Yes, the hot water and blown air heating are both electric in operation. They can be both used on gas or gas and electric. I leave the hot water heater on 24/7 and same for the heating. The electric heating element is 1800 watts and it keeps the water very hot and the van warm too. If the temperature outside really dips, I need to switch the boiler over to gas though for a bit more power.

The cooker is gas oven and three gas burners, plus an electric hot plate. Also I do have a microwave but use it rarely.

If you were closer you could have had the full remaining cylinder!

Russell


----------



## artona (Jan 19, 2006)

Hi

Thanks Russell, hope the installation goes well


stew


----------



## Rapide561 (Oct 1, 2005)

*Gaslow*

Hi

In true Victor Meldrew fashion it has gone wrong. I have tried to fill up at Morrisons. Connected the dispenser to the Gaslow conector. All secure and ready for action - if the pump was not connected properly no gas would be dispensed.

Disaster - gas leaking dramatically from the gas locker - it looked like a thick fog coming out of the locker floor. I stopped the filling and am now waiting for the dealer to come to me.

I cannot smell a leak. There hoses connecting the two cylinders to the filler nozzle are steel and one of them is coated in condensation.

Will report back.

Russell


----------



## artona (Jan 19, 2006)

Hi Russell

My only experience here is what I have read in the posts.

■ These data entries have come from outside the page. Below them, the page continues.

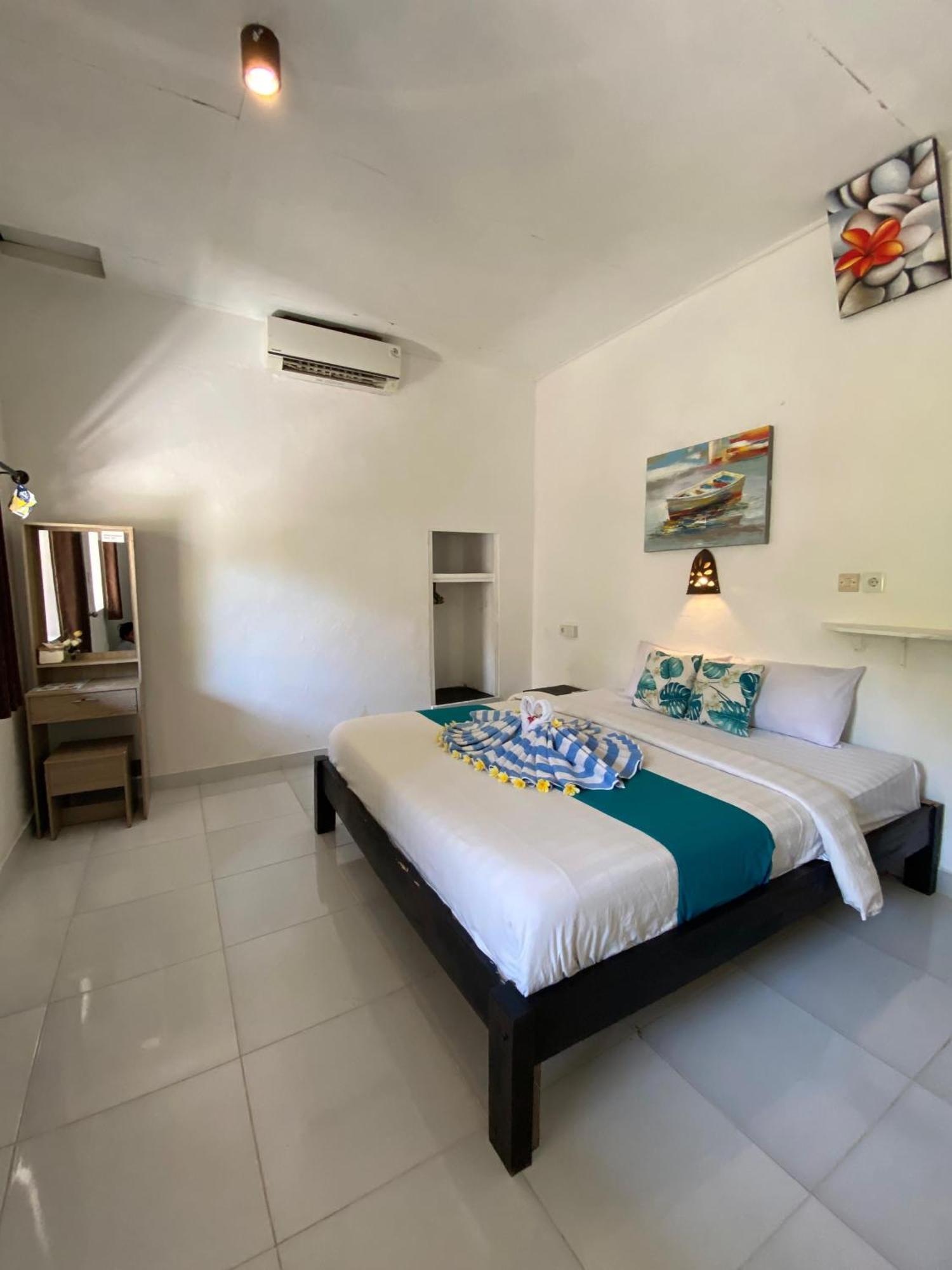 Allure Homestay Lembongan Экстерьер фото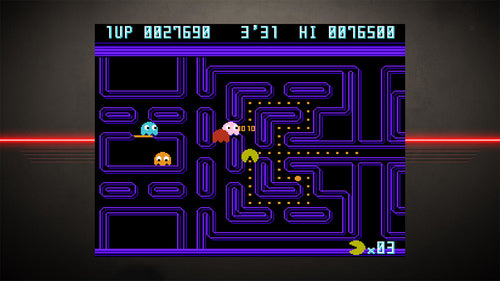 Namco Museum Archives Volume 1 Switch Code in a Box – Gameplay, spilscene 7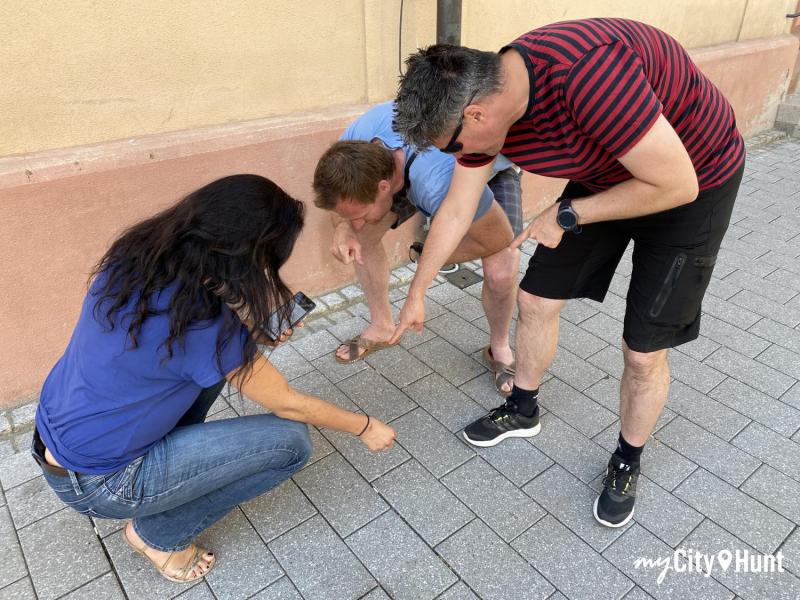 myCityHunt Speurtocht 2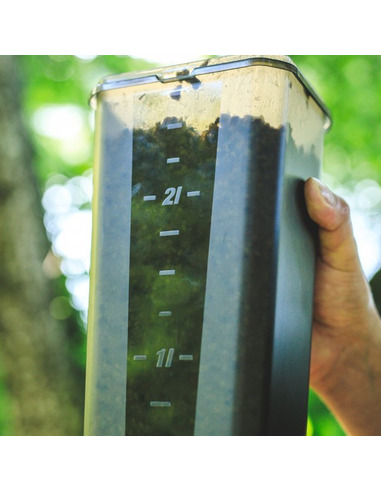 KORDA Kontainer System 17l (+ 4cubitos 3l) - Imagen 3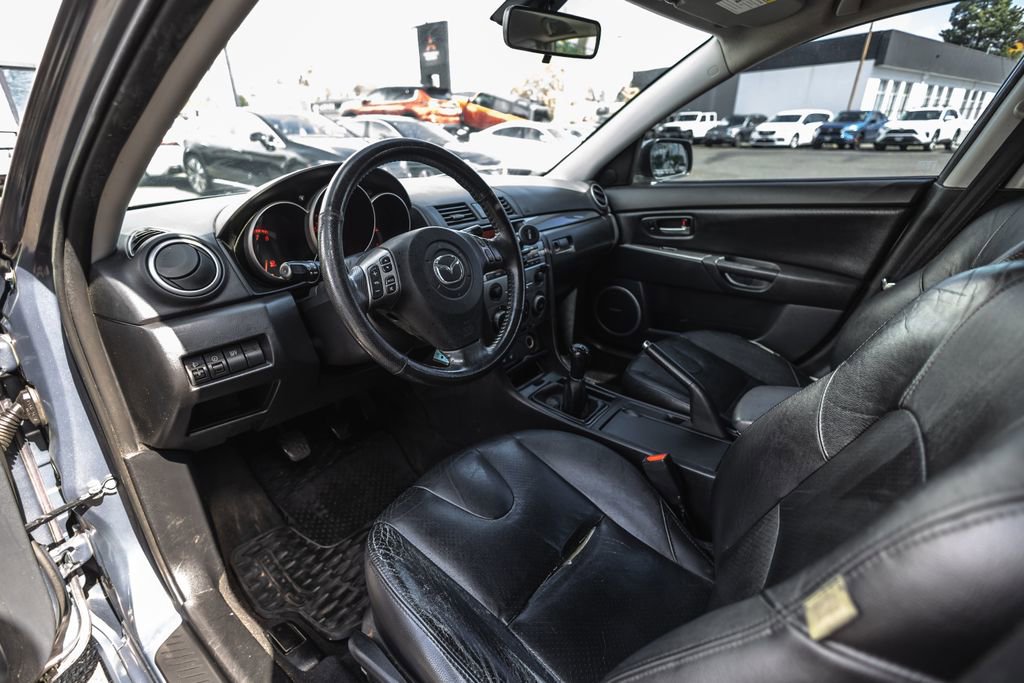 Used 2008 MAZDA MAZDA3 s Grand Touring FWD image 19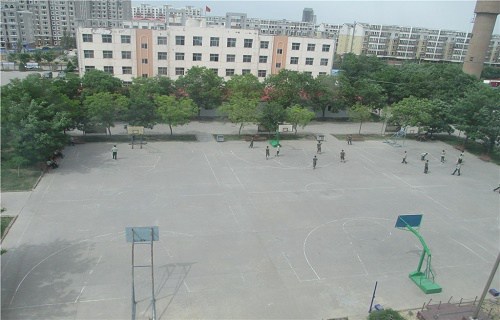 宁夏青松职业学校图片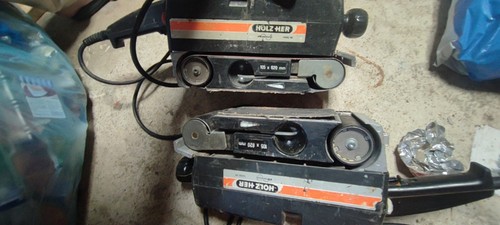 Holz her bandschleifer 2423 2 - 2423,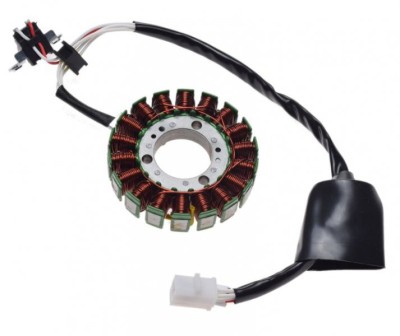 Stator aprindere 18 bobine, Yamaha Xmax 125 Cod Produs: MX_NEW AI22612 foto
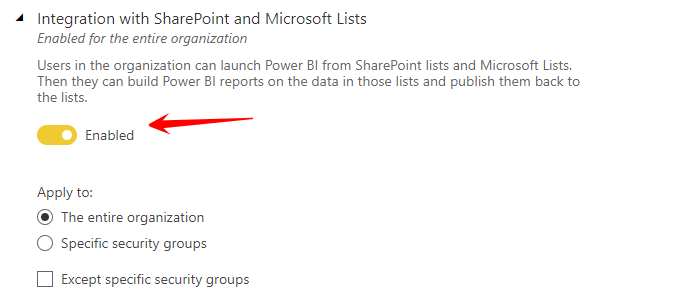 SharePoint - Visualise the list - Microsoft Fabric Community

Did you open the tap to allow filling 


stew


----------



## 96299 (Sep 15, 2005)

oh no..dont sound to good.Hope ya get sorted.

steve


----------



## Rapide561 (Oct 1, 2005)

*Gaslow*

Well it can only happen to me.

Stew, each cylinder has an "open/close" valve - and both were fully closed.

I think it may be a defective pipe.

Russell

PS - still can't smell anything though.


----------



## artona (Jan 19, 2006)

Hi Russell

_and both were fully closed_ Is that the correct position for filling or is it like an space ship air lock - dock the pump and open the valve for filling - don't know, only guessing which is not the thing to do with liquid gas I know. Just wondered what the fitters told you

stew


----------



## LPDrifter (Aug 17, 2005)

Looking at the Gaslow site I see a note on one of their

http://www.gaslow.co.uk/pages/products.htm (Fitting Instructions)

which says Important first filling only.

In some rare instances it is possible that on first fill only, the 80% shut-off may fail to activate.... It is therefore IMPORTANT to pay attention when filling for first time....

It doesn't say what to do if the 80% shut off fails..


----------



## Scotjimland (May 23, 2005)

How is it possible to fill with both bottle valves closed ? 

I suspect the gas was blowing out of a safety valve..


----------



## peejay (May 10, 2005)

ScotJimland said:


> How is it possible to fill with both bottle valves closed ?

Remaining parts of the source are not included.